**PROVIDED ENTRIES**.

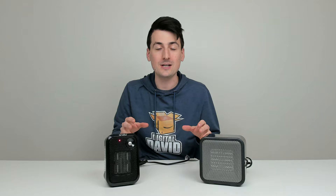They both maxed out at 62 decibels. So in regards to loudness, they're identical to each other. You can't tell the difference between either unit.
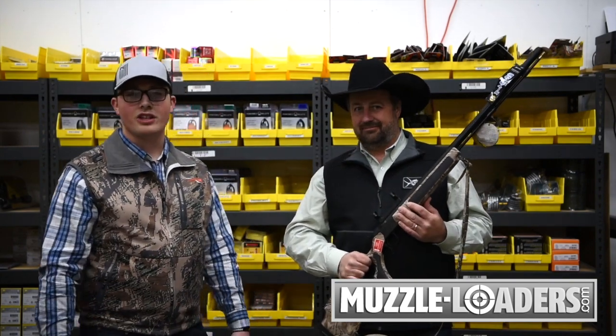Thank you very much Chad, appreciate it. For guns like this and the rest of our selection, come to muzzleloaders.com or call our customer service at 855-236-5000. And like Chad said — click it, they'll ship it — same day shipping.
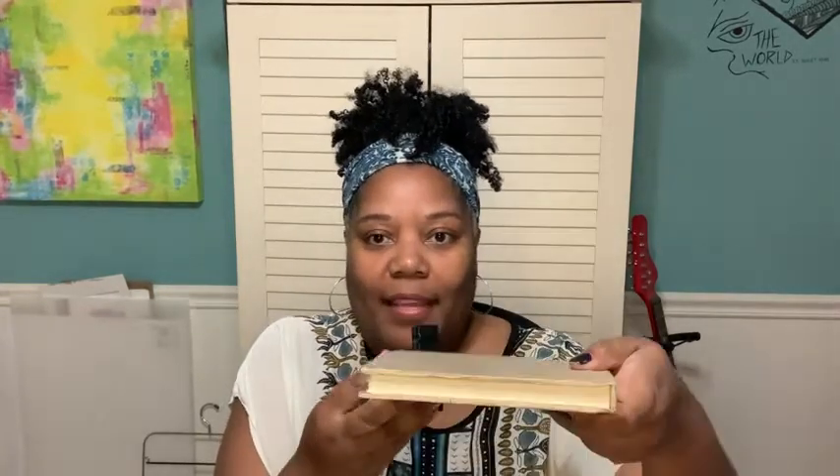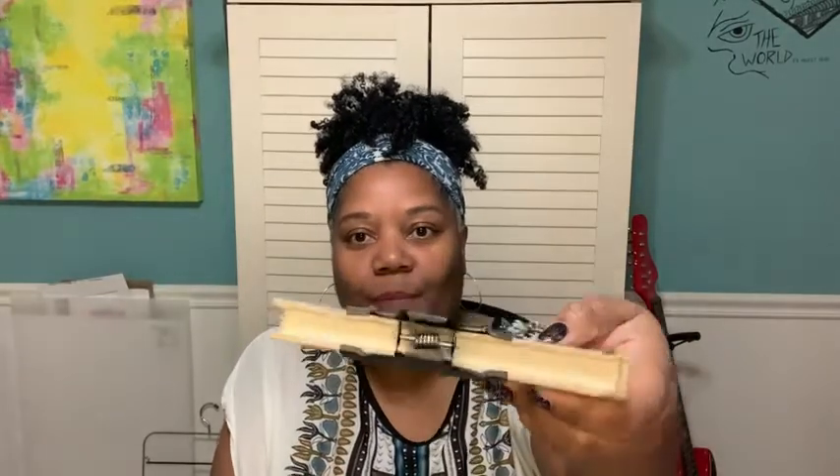I also like how wide these clips open — so wide that they can fit on the edge of this book. I'm really enjoying using these bowl clips, and that's my point of view.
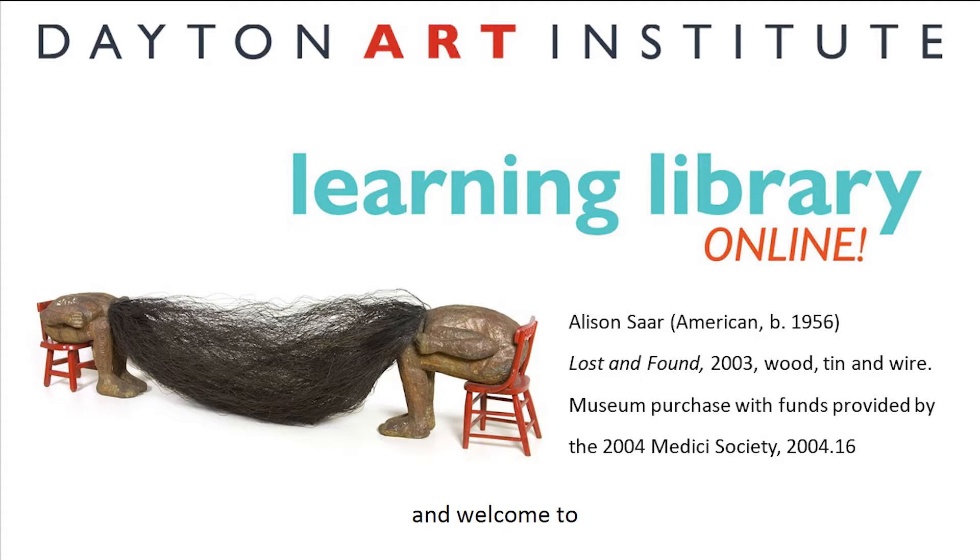Greetings, everyone, and welcome to Art Vids for Kids. My name is Wendy, and I am a museum guide at the Dayton Art Institute.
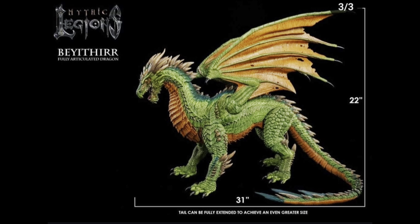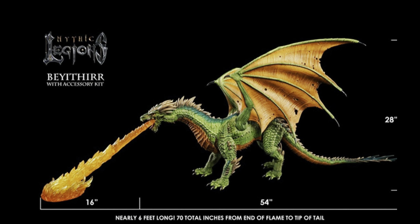Hey everybody, welcome back to the channel. Remember when we were talking about that Cantina HasLab and I was saying I don't know if I have the space for this, how could I display it? Then they did their video where they broke it up and showed you how you can display it on a whole bunch of different shelves.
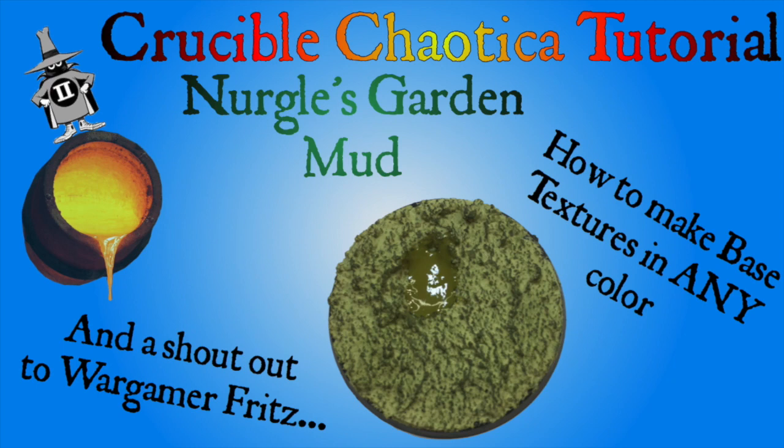Today we're going to make Nurgle's Garden Mud, but you can use the same technique to make any color texture paint that you want.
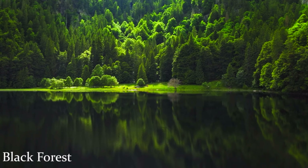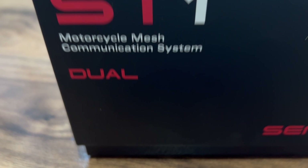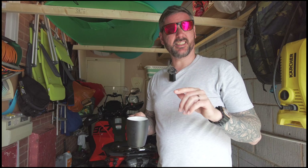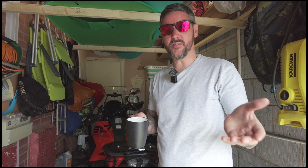So today what we're doing is testing the bikes, testing a few little things that we've got. We've got an intercom system and a new tank bag. I'm going to fit the tank bag today, take the bikes for a quick ride, test the intercoms, test everything's working, and we're going to take you along with us.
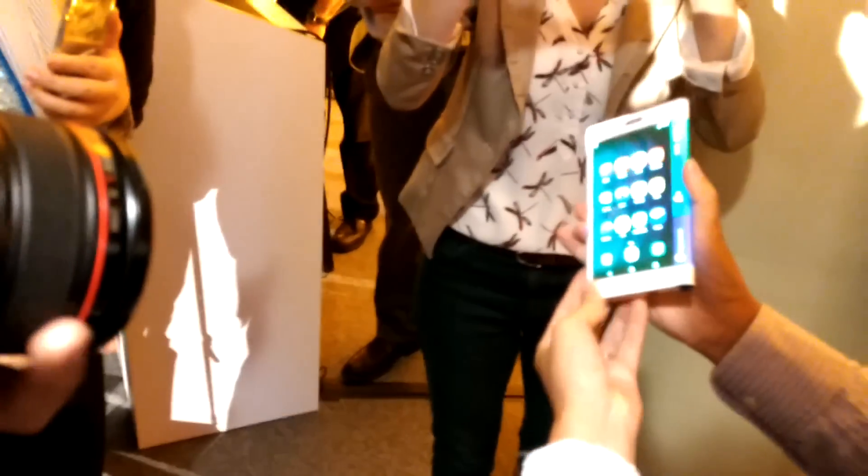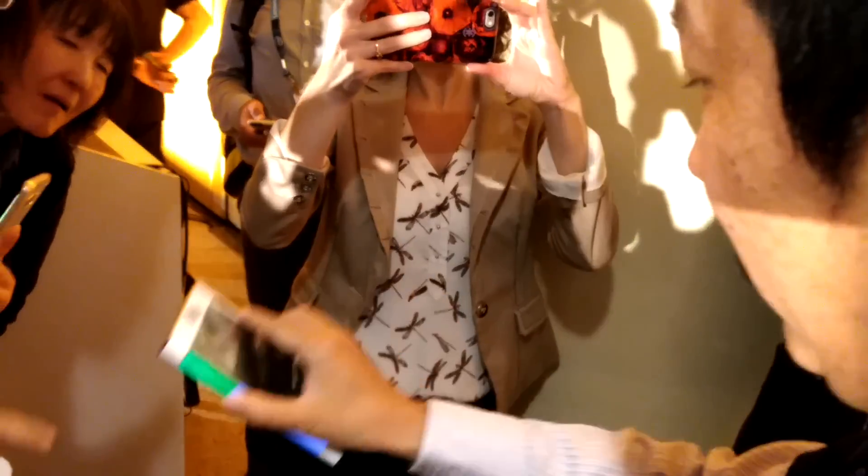And then you get the edge functionality, and you can use it as a normal phone. But this side doesn't work.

**WORK ITEM**.
An exact copy of the lines from the one with "Greetings, everyone, and" through the end of the records: produce that and nothing more, leaving out the pictures.

**RESULT OF THIS TASK**.
Greetings, everyone, and welcome to Art Vids for Kids. My name is Wendy, and I am a museum guide at the Dayton Art Institute.
Hey everybody, welcome back to the channel. Remember when we were talking about that Cantina HasLab and I was saying I don't know if I have the space for this, how could I display it? Then they did their video where they broke it up and showed you how you can display it on a whole bunch of different shelves.
Today we're going to make Nurgle's Garden Mud, but you can use the same technique to make any color texture paint that you want.
So today what we're doing is testing the bikes, testing a few little things that we've got. We've got an intercom system and a new tank bag. I'm going to fit the tank bag today, take the bikes for a quick ride, test the intercoms, test everything's working, and we're going to take you along with us.
And then you get the edge functionality, and you can use it as a normal phone. But this side doesn't work.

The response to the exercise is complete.